## Information provided
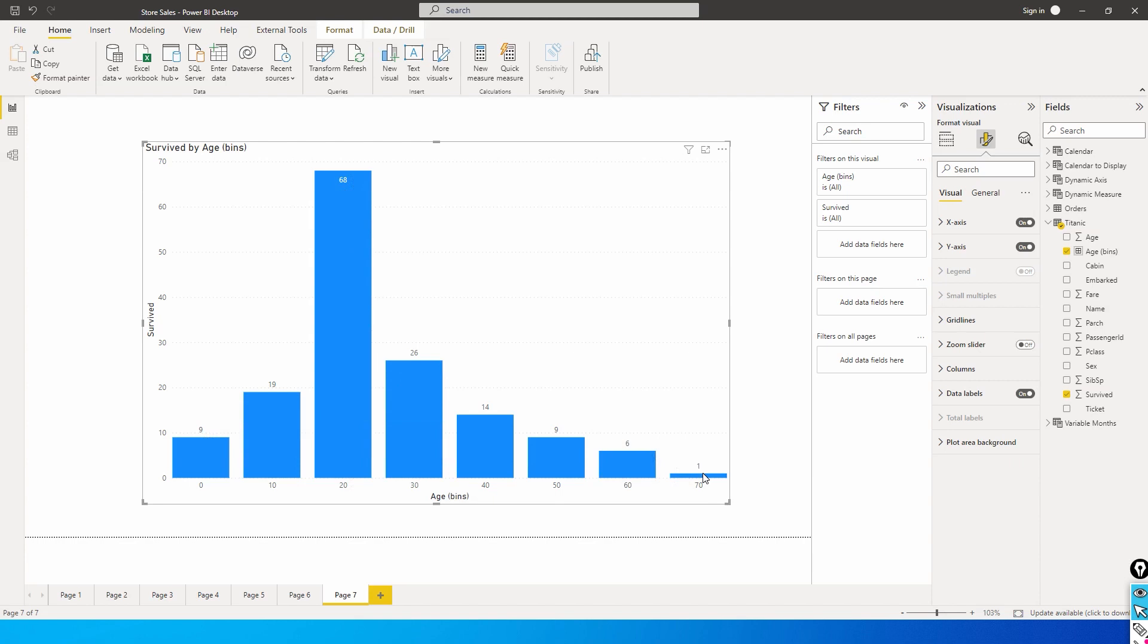This is how you can understand the pattern and the frequency of data using the histogram chart. This is an extremely helpful visual which you have to incorporate in your dataset, especially when dealing with frequencies and trying to understand the distribution of the data. That's it guys. I hope you found this video helpful and learned something new today. Please consider subscribing to my channel for more such tutorials.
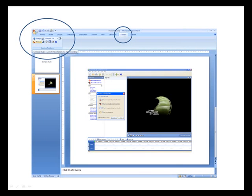Once Camtasia has been installed, it will automatically create an add-in for Microsoft PowerPoint. All you need to do is create a PowerPoint presentation or take an existing presentation, click the add-in tab, and select record.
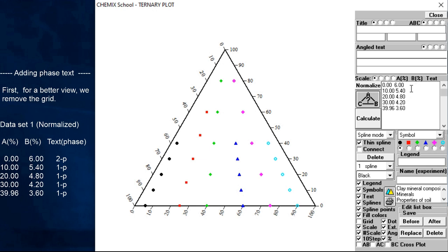We now have the ability to add a short phase description to the plot symbols. The reason for doing this is to have as much information as possible available when we later, for example, will draw a borderline between the one phase and two phase regions. To speed it up in this demonstration, we only add phase descriptions to the first two sets of data.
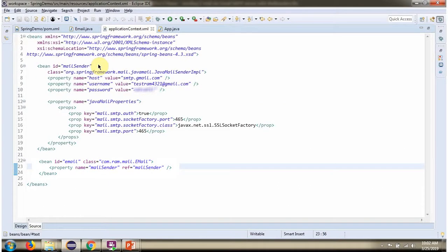This is a Spring configuration file. The Spring container reads this configuration file and creates the MailCenter object. To create the MailCenter object, the Spring container needs to know the host, username, password, and Java Mail properties.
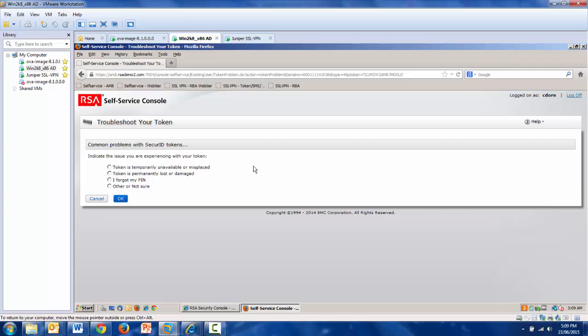This list of capabilities is controlled by you, but in this case, token is temporarily unavailable is the option that we will take.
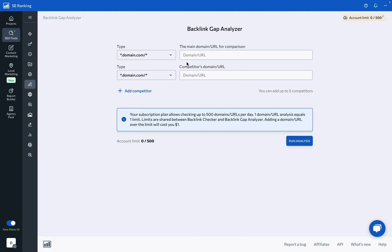In a nutshell, the tool reveals which websites are linking out to your competitors but not to you.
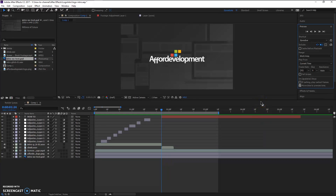Hey everybody and welcome to the channel. Today I'm working on a little project — it's an intro logo with a kind of glitchy effect going on. I'm using an adjustment layer to create this effect. Initially I was using a black background and I just wanted to apply that effect to the logo itself, and it was working great.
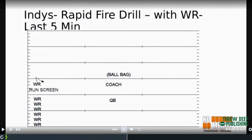A great drill we have done is the rapid fire drill. It's basically a screen drill — you take all your receivers in the last five minutes of indie period. The receivers have just completed their indies, running backs typically too, and you get them together. You line them up and run whatever the fast screen is. We have a coach snapping, and we have two ball bags — one filled with footballs and one empty.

## What is required
When you reach the line that has "This is a Spring" in the data above, start repeating lines exactly, and stop after the line that has "This list of"; pictures stay out.

## Solution to this problem
This is a Spring configuration file. The Spring container reads this configuration file and creates the MailCenter object. To create the MailCenter object, the Spring container needs to know the host, username, password, and Java Mail properties.
This list of capabilities is controlled by you, but in this case, token is temporarily unavailable is the option that we will take.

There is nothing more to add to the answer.